(Beginning of Data block)

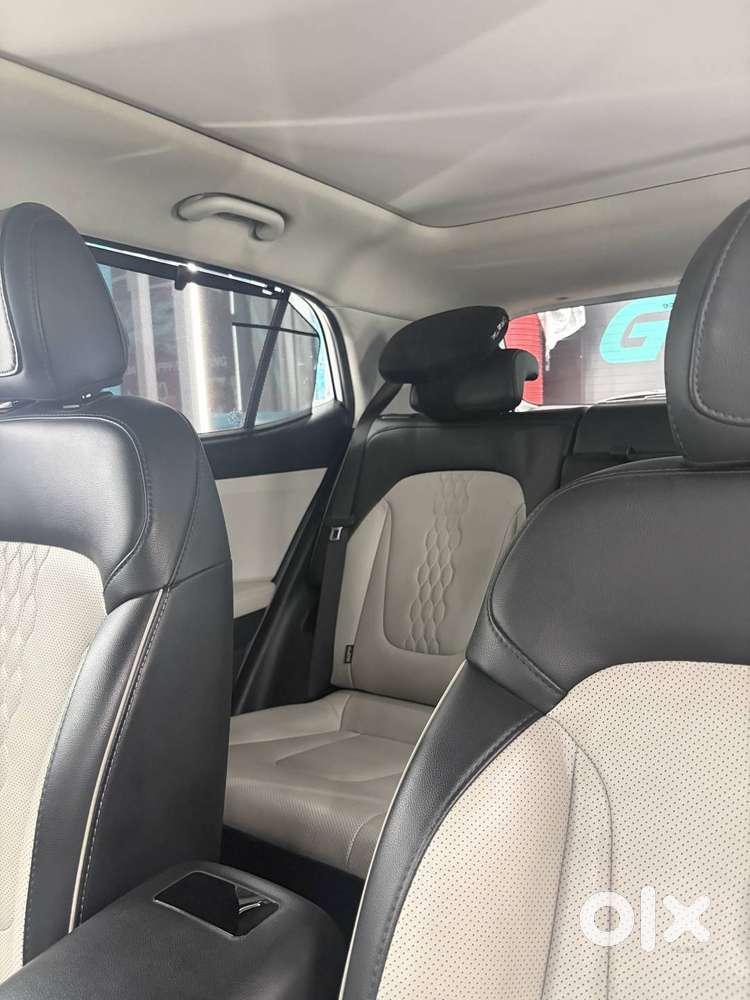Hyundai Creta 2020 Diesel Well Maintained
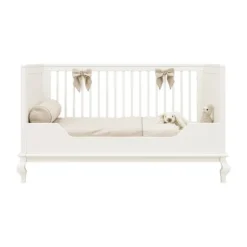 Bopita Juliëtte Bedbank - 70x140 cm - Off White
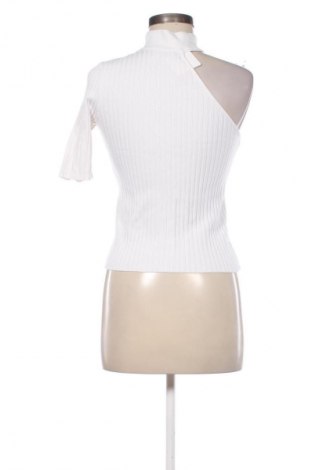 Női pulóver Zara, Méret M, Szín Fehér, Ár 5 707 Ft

(End of Data block)

_Directions for this task_: Please produce an exact copy of the listing, omitting the pictures.

_Answer below_:
Hyundai Creta 2020 Diesel Well Maintained
 Bopita Juliëtte Bedbank - 70x140 cm - Off White
 Női pulóver Zara, Méret M, Szín Fehér, Ár 5 707 Ft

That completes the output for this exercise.